Consensus lists of such terms from different knowledge domains are collectively known www.selleckchem.com/products/MLN-2238.html as Knowledge Organization Systems (KOS) and can range from simple glossaries and dictionaries (or controlled vocabularies) through to more complex classification schemes, taxonomies, thesauri, gazetteers and ontologies. Here we present the Ontogrator web application, where we have used a set of KOS to demonstrate how data can be marked-up to create informative facets for search and discovery. We are in particular interested in the use of ontologies as facets. Ontologies can be loosely defined as sets of concepts or terms that also contain explicit relationships between them. Perhaps the best-known example of an applied ontology in the field of Molecular Biology is the Gene Ontology (GO) [7], but there are now a wide range of available ontologies [8] opening up a range of options for future aggregation and Ontogration of data.
Material and methods The Ontogrator Web application provides a JavaScript GUI (graphical user interface) running within a web browser. This Web application fetches data on demand from a back-end comprising a set of REST (representational state transfer) web services supported by a LAMP (Linux, Apache, MySQL, PHP) software stack. A MySQL database is constructed and indexed specifically to support the functions of the browser GUI. The back-end service (see Figure 1) performs the following key functions: A – Data acquisition: ingestion of raw data from primary sources; B – Semantic indexing: detecting concepts in the data using text mining; C – Browsing services: providing the client with an efficient concept-based retrieval service; D – Data and facet updates: periodic refreshing of the underlying resources.
Figure 1 The Ontogrator platform. Ontologies, or other KOS, and selected content are processed for use in Ontogrator. After data acquisition and annotation (semantic indexing), browsing services enable exploration and discovery through the web application. A – Data acquisition Data to be imported is converted to tabular format and pre-processed using a PHP script which is customized for each data source. This identifies which columns should be scanned for terms as well as constructing a unique identifier for each record. For example, a data resource with a habitat column would be marked for matching against the Environment Ontology.
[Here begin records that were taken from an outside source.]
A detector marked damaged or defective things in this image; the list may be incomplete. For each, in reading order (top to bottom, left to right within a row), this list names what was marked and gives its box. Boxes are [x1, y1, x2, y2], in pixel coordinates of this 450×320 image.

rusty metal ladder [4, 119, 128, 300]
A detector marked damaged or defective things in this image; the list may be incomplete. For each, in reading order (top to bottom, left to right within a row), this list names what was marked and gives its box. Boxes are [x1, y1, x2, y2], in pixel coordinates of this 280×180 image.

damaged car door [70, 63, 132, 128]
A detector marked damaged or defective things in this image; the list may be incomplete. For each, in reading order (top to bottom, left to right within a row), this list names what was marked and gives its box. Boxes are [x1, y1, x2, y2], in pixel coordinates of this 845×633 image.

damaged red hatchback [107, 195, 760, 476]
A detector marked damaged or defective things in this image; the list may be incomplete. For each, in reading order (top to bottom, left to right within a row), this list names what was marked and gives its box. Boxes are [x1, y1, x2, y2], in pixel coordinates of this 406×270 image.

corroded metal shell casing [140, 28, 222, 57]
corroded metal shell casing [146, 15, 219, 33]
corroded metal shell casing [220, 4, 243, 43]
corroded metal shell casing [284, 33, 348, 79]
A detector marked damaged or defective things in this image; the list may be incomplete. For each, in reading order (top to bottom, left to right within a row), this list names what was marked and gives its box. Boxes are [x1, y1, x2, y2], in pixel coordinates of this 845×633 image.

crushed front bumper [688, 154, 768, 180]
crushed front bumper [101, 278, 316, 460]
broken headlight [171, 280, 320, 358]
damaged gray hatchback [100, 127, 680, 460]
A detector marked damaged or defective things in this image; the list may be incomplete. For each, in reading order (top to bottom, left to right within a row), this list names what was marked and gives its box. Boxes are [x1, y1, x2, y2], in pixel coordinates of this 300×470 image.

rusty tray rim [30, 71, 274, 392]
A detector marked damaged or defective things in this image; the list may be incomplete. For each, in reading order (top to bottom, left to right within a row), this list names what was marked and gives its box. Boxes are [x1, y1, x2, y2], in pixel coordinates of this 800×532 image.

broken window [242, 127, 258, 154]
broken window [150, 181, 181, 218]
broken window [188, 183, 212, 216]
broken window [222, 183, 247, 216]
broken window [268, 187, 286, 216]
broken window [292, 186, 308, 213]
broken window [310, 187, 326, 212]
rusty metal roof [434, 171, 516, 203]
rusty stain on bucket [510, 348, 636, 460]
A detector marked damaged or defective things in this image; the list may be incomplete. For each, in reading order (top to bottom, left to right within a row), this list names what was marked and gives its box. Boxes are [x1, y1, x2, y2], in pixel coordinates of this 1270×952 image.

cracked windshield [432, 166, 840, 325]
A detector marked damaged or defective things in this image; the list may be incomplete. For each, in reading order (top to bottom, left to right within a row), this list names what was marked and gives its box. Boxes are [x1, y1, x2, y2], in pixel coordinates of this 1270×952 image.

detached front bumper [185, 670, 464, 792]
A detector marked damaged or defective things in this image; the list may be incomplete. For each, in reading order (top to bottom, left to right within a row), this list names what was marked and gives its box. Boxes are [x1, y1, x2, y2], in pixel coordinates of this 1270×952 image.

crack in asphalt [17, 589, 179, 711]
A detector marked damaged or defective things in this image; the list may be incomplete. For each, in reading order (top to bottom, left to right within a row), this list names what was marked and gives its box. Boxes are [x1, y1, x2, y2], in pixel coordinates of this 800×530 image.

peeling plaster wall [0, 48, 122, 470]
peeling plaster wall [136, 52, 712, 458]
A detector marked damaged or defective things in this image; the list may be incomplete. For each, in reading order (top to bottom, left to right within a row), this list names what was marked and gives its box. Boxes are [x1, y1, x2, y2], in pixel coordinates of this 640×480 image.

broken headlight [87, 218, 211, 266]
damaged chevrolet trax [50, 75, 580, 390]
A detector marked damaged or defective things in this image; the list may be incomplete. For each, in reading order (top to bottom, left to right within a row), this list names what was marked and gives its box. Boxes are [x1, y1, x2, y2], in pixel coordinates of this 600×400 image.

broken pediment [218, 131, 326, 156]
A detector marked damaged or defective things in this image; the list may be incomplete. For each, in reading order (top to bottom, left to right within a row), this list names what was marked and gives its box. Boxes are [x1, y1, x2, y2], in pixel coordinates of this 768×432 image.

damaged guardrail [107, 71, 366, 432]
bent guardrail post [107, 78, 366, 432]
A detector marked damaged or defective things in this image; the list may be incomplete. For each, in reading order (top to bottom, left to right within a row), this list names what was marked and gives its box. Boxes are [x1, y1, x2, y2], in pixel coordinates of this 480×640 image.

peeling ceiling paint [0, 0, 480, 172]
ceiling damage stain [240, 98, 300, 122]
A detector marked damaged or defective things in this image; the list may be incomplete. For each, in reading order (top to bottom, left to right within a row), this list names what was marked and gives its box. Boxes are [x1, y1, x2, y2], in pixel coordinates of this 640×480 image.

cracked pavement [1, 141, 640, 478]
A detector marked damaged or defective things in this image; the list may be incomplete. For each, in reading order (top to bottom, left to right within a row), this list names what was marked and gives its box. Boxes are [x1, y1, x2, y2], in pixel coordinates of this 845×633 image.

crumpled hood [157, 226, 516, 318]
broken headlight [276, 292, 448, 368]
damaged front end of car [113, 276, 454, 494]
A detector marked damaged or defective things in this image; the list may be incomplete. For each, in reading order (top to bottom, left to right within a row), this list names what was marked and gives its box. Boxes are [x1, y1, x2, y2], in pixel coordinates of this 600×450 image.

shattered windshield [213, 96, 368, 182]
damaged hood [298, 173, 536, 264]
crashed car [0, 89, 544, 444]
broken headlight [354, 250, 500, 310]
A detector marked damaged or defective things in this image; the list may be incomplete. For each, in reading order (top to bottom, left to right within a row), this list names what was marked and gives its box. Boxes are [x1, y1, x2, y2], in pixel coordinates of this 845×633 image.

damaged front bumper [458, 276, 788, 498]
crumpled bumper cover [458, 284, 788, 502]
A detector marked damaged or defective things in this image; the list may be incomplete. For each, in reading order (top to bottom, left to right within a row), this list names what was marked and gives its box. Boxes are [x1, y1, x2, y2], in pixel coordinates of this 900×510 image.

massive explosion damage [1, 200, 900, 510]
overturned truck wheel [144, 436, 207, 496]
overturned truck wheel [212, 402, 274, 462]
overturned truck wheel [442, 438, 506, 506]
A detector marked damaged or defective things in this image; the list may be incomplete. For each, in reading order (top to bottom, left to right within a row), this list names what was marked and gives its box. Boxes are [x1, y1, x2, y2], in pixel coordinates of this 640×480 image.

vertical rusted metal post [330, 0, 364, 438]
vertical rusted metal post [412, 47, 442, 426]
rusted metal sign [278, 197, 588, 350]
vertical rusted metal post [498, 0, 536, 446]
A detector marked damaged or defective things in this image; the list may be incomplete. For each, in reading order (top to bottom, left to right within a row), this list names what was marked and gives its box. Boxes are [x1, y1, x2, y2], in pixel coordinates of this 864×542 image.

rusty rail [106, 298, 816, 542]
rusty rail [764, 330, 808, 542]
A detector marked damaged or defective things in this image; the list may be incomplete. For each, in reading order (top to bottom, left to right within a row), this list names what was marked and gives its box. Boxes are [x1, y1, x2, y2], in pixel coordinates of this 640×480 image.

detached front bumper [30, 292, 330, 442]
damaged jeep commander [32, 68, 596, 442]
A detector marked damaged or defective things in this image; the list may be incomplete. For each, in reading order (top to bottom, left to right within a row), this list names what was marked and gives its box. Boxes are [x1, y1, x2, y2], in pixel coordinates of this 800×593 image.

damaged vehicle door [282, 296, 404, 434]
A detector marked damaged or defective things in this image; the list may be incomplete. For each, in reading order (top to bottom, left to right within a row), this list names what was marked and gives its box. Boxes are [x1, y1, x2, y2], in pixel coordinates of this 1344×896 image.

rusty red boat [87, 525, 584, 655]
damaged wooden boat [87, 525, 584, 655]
Once the input processors have been constructed, the remainder of the processing is fully automated. The import scripts create appropriate tables in the back-end database to hold both the data and any hits found during semantic indexing. B – Semantic indexing Concept annotation is performed by Terminizer [9], an external Web service that detects mentions of ontological concepts Cilengitide from a given ontology in a given textual passage.